The beta product worked beautifully, he says. Unfortunately, Apple decided not to develop it commercially. "It would have been really neat if they'd finished debugging it and it solved some of our issues," he says. "But it didn't come to pass."
As Nauer has found, during the Apple beta and his other more successful tests, there are numerous benefits to being a beta tester. The most important is the ability to get your hands on cutting-edge technology to gain a competitive advantage.
However, be prepared to deal with the frustrations, the resource demands and the possible disappointments that accompany the experience. Not only does beta testing stretch the resources of IT staff members, but it also can try their patience, as they are, after all, working with buggy products. Vendor approaches to beta testing can range from very organized to haphazard, and your own testing and bug-reporting process has to be rigorous.

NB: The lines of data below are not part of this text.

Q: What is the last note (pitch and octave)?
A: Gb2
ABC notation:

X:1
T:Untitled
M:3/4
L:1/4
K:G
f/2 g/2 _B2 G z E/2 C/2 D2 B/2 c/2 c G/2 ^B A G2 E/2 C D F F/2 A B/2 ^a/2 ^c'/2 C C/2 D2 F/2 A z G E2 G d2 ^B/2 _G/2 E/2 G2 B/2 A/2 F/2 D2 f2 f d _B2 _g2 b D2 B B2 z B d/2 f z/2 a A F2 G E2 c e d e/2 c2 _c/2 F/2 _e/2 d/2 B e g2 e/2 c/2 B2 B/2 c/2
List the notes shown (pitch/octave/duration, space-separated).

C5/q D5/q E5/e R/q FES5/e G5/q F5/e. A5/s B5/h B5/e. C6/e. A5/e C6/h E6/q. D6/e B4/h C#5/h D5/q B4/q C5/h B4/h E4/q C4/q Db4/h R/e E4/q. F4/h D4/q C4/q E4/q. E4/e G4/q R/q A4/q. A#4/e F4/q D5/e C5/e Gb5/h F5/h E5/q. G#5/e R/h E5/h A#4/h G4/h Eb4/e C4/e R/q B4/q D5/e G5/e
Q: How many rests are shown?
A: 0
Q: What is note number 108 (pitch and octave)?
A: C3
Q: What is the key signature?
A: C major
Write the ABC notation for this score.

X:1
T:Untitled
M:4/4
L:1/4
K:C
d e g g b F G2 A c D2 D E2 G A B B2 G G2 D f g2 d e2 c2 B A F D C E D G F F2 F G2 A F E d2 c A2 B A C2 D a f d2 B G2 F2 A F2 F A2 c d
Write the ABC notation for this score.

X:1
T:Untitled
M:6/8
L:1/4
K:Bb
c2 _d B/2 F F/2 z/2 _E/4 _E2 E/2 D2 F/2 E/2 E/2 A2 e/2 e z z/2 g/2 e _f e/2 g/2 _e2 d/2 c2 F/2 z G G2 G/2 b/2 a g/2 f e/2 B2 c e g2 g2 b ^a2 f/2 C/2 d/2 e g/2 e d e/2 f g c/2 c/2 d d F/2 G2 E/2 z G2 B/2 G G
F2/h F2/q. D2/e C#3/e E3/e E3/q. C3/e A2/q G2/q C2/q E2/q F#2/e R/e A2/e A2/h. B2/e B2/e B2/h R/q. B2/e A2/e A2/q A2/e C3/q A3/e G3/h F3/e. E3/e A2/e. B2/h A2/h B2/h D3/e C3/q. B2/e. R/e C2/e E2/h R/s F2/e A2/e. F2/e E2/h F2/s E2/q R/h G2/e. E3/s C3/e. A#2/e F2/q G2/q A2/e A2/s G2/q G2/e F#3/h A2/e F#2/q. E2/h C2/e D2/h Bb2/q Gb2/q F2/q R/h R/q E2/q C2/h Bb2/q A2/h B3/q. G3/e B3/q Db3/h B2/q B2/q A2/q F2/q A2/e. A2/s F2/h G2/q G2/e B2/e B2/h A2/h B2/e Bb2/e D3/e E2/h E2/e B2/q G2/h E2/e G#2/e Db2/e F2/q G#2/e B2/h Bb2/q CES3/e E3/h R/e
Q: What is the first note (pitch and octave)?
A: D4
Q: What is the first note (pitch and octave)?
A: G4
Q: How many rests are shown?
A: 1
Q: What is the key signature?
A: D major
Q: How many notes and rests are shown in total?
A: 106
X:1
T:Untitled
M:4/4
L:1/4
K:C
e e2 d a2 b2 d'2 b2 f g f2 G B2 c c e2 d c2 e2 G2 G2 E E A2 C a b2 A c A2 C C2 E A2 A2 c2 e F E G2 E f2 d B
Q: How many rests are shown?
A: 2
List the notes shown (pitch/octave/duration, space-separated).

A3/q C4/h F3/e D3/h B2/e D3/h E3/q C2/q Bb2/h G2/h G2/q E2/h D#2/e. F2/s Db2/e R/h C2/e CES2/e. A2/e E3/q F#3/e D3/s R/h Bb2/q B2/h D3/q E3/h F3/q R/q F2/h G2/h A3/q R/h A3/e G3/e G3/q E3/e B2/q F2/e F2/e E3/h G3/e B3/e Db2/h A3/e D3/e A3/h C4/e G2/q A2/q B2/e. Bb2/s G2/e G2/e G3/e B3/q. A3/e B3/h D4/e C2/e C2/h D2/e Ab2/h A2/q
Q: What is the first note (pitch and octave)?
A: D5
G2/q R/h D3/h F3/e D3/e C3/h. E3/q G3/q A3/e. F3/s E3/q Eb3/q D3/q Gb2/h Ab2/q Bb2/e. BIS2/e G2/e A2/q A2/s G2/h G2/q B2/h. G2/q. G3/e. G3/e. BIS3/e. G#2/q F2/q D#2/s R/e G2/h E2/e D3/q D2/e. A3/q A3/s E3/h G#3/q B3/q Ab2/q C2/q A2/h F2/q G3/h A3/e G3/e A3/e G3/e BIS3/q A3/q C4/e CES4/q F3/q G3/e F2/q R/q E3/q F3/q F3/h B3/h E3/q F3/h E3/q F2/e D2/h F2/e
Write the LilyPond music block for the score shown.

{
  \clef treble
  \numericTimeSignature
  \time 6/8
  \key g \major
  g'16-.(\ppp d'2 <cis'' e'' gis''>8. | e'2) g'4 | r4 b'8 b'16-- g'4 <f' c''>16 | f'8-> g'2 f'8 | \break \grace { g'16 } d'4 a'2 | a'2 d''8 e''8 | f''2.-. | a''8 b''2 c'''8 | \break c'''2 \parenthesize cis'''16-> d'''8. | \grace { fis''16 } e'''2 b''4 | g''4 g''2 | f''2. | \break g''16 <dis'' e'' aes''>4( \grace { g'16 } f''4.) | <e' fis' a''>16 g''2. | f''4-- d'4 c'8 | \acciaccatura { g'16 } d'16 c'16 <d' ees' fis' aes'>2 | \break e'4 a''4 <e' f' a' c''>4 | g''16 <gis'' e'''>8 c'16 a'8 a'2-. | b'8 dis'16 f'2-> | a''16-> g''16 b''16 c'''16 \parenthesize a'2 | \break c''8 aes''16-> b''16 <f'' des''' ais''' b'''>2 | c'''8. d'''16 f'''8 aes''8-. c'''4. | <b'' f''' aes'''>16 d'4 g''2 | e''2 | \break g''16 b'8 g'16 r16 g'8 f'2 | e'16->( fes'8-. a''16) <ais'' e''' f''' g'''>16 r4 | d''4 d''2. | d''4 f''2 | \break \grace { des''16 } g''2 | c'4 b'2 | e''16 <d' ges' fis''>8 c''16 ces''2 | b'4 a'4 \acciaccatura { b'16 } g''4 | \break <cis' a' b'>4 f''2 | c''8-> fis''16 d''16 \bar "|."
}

As Nauer found with the Apple beta, there's no guarantee the product will ever hit the market. Still, Nauer says Case Western came out a winner. "It enabled us to get our hands on NetWare 4.1 code before we had the PC native version," he says. "We got knowledge and experience we were able to apply elsewhere."
In fact, other beta testers report that even when things go wrong, they still feel the pros outweigh the cons. Reasons include early access to new technology that can solve long-standing problems, the opportunity to influence product development and a direct line to code engineers.
"You're doing it because you have a vision; you want to beat the guy down the street and improve your revenues quarter over quarter,'' says Louis Barton, executive vice president at Cullen/Frost Bankers in San Antonio.